Stanford Study: AI Outperforms Law Professors 75% in Contract Reasoning
In brief
- Stanford researchers tested AI models against 16 law professors on contract law reasoning across 40 anonymized questions.
- AI responses won 75% of nearly 3,000 blind matchups, with consistent win rates between 75.33% and 75.92%.
- Only 3.53% of AI answers were flagged as potentially harmful versus 12.06% of professor responses.
- Study findings suggest AI could handle substantial analytical work currently performed by junior associates and paralegals.
AI's Legal Edge
AI models demonstrated win rates between 75.33% and 75.92% against their human counterparts—a remarkably consistent spread. The study tested AI models including Gemini 2.5 Pro and NotebookLM and was published in early June 2026.
What made the outcome striking: the researchers specifically chose contract law because they believed it would favor human respondents. They expected the opposite outcome. When law professors were asked to evaluate contract law answers without knowing who wrote them, they picked the AI-generated responses more often than the human ones.
The quality gap extended beyond reasoning accuracy. Only 3.53% of AI-generated answers were flagged as potentially harmful or misleading, compared to 12.06% of professor-written responses. That difference matters in a field where a single errant citation or misread clause can expose clients to risk.
Implications for Legal Work
If AI can outperform experienced professors in structured legal reasoning tasks, it can almost certainly handle a substantial portion of analytical work currently performed by junior associates, paralegals, and legal researchers. The economics are immediate: firms facing pressure to cut costs now have data suggesting AI can do contract review, research, and analysis faster and more reliably than human junior staff.
Stanford itself has previously examined AI's limitations in legal settings, particularly the well-documented hallucination problem where models fabricate case citations or invent legal precedents. This study doesn't erase those concerns—but it does suggest the problem may be smaller in structured, bounded domains like contract interpretation.

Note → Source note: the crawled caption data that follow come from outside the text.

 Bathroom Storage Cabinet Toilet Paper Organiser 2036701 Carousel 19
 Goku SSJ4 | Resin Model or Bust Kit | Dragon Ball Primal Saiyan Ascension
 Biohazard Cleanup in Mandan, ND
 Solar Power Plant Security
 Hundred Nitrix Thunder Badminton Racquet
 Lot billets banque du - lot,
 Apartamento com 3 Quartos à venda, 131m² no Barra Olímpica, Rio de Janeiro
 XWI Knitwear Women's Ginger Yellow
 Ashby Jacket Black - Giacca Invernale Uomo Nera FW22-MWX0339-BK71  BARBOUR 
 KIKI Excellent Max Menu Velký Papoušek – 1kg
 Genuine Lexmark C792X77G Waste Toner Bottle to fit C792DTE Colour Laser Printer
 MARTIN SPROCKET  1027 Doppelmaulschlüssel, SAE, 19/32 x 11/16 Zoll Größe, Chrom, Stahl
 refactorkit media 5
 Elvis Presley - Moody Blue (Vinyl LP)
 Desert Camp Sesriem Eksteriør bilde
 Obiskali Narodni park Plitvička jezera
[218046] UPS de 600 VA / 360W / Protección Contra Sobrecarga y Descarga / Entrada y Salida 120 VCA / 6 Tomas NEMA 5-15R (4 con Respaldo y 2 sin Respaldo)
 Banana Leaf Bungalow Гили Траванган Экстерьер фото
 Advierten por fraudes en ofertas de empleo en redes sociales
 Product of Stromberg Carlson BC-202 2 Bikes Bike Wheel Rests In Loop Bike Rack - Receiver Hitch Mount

Blockchain and Smart Contracts
The implications extend into crypto and DeFi. Smart contracts are, at their core, legal agreements expressed in code. AI's demonstrated strengths in contract law reasoning become commercially relevant where code and legal language intersect. Auditors, developers, and platforms building on-chain agreements could use AI to flag ambiguities or logical inconsistencies that human reviewers might miss—or to accelerate the review process without sacrificing accuracy.
The Stanford findings suggest AI isn't replacing legal judgment yet. But it's reshaping the economics of routine analytical work. For the legal industry, the question is no longer whether AI can reason about contracts. It's how quickly firms adapt to a world where it does.